- [What is being asked] Restrict the output to the lines below starting at the one that contains "Used 2022 Lincoln" and ending at the one that contains "118 Meeting Place Rd — Photo 2", and restate them word for word, both ends included.

── Material to process ──

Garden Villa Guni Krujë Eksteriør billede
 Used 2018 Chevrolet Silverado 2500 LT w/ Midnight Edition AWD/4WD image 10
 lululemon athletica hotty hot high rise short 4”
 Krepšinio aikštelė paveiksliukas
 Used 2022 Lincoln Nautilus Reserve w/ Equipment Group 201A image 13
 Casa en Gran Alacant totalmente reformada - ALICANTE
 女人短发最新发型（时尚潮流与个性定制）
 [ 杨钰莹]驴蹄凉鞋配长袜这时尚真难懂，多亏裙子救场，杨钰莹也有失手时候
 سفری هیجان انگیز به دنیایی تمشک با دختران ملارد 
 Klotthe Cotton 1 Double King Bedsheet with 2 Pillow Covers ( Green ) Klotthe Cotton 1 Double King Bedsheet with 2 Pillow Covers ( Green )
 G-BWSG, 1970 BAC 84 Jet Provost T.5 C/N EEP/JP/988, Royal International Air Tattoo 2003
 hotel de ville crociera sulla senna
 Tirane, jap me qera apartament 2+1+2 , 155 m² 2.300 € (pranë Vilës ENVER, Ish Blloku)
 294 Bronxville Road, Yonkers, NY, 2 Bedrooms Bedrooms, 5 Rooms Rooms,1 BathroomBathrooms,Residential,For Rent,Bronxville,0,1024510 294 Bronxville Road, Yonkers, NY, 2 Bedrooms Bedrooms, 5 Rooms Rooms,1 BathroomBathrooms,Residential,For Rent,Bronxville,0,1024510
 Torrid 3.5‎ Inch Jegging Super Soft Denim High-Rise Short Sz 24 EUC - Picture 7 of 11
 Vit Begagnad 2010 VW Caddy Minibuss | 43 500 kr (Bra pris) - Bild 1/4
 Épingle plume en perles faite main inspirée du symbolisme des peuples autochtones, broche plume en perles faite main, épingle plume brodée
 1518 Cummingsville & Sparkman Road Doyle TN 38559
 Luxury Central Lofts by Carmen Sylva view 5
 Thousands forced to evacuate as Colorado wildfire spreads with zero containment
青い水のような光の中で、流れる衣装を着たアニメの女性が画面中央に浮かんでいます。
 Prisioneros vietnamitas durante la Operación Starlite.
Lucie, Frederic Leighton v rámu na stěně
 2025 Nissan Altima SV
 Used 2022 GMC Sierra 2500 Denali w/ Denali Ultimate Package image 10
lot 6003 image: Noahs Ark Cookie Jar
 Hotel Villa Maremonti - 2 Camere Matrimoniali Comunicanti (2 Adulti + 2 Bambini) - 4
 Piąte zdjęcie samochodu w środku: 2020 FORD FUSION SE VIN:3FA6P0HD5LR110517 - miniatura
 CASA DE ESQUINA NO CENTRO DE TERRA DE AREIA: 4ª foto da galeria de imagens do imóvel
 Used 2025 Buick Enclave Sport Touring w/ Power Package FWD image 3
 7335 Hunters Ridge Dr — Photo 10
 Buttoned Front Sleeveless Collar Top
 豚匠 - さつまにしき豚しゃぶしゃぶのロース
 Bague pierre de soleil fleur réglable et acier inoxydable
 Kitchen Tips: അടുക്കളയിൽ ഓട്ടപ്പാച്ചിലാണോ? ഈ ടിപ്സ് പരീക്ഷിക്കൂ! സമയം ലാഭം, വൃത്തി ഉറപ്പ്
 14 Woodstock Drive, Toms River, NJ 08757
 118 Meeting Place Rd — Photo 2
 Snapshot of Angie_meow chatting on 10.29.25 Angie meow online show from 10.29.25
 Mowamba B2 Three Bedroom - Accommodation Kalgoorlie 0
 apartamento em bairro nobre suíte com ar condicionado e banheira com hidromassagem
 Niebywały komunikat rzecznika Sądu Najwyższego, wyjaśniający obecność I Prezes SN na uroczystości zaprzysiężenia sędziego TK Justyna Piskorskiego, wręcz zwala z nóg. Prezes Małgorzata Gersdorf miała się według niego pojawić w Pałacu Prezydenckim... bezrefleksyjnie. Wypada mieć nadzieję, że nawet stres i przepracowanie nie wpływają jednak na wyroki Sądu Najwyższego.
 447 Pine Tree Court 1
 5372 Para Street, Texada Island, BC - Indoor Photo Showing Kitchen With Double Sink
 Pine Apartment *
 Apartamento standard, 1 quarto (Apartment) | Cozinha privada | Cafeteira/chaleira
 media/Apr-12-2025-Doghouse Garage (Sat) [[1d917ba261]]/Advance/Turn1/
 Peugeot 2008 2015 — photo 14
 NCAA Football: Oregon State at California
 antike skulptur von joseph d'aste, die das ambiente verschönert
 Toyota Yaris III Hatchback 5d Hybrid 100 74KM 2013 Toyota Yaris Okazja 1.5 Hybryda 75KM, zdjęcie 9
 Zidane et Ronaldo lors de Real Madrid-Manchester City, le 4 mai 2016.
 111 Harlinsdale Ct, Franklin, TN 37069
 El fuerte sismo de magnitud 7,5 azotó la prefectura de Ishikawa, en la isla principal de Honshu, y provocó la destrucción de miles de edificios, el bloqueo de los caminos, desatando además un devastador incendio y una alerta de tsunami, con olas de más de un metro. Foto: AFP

───

- [Output for this task]
 Used 2022 Lincoln Nautilus Reserve w/ Equipment Group 201A image 13
 Casa en Gran Alacant totalmente reformada - ALICANTE
 女人短发最新发型（时尚潮流与个性定制）
 [ 杨钰莹]驴蹄凉鞋配长袜这时尚真难懂，多亏裙子救场，杨钰莹也有失手时候
 سفری هیجان انگیز به دنیایی تمشک با دختران ملارد 
 Klotthe Cotton 1 Double King Bedsheet with 2 Pillow Covers ( Green ) Klotthe Cotton 1 Double King Bedsheet with 2 Pillow Covers ( Green )
 G-BWSG, 1970 BAC 84 Jet Provost T.5 C/N EEP/JP/988, Royal International Air Tattoo 2003
 hotel de ville crociera sulla senna
 Tirane, jap me qera apartament 2+1+2 , 155 m² 2.300 € (pranë Vilës ENVER, Ish Blloku)
 294 Bronxville Road, Yonkers, NY, 2 Bedrooms Bedrooms, 5 Rooms Rooms,1 BathroomBathrooms,Residential,For Rent,Bronxville,0,1024510 294 Bronxville Road, Yonkers, NY, 2 Bedrooms Bedrooms, 5 Rooms Rooms,1 BathroomBathrooms,Residential,For Rent,Bronxville,0,1024510
 Torrid 3.5‎ Inch Jegging Super Soft Denim High-Rise Short Sz 24 EUC - Picture 7 of 11
 Vit Begagnad 2010 VW Caddy Minibuss | 43 500 kr (Bra pris) - Bild 1/4
 Épingle plume en perles faite main inspirée du symbolisme des peuples autochtones, broche plume en perles faite main, épingle plume brodée
 1518 Cummingsville & Sparkman Road Doyle TN 38559
 Luxury Central Lofts by Carmen Sylva view 5
 Thousands forced to evacuate as Colorado wildfire spreads with zero containment
青い水のような光の中で、流れる衣装を着たアニメの女性が画面中央に浮かんでいます。
 Prisioneros vietnamitas durante la Operación Starlite.
Lucie, Frederic Leighton v rámu na stěně
 2025 Nissan Altima SV
 Used 2022 GMC Sierra 2500 Denali w/ Denali Ultimate Package image 10
lot 6003 image: Noahs Ark Cookie Jar
 Hotel Villa Maremonti - 2 Camere Matrimoniali Comunicanti (2 Adulti + 2 Bambini) - 4
 Piąte zdjęcie samochodu w środku: 2020 FORD FUSION SE VIN:3FA6P0HD5LR110517 - miniatura
 CASA DE ESQUINA NO CENTRO DE TERRA DE AREIA: 4ª foto da galeria de imagens do imóvel
 Used 2025 Buick Enclave Sport Touring w/ Power Package FWD image 3
 7335 Hunters Ridge Dr — Photo 10
 Buttoned Front Sleeveless Collar Top
 豚匠 - さつまにしき豚しゃぶしゃぶのロース
 Bague pierre de soleil fleur réglable et acier inoxydable
 Kitchen Tips: അടുക്കളയിൽ ഓട്ടപ്പാച്ചിലാണോ? ഈ ടിപ്സ് പരീക്ഷിക്കൂ! സമയം ലാഭം, വൃത്തി ഉറപ്പ്
 14 Woodstock Drive, Toms River, NJ 08757
 118 Meeting Place Rd — Photo 2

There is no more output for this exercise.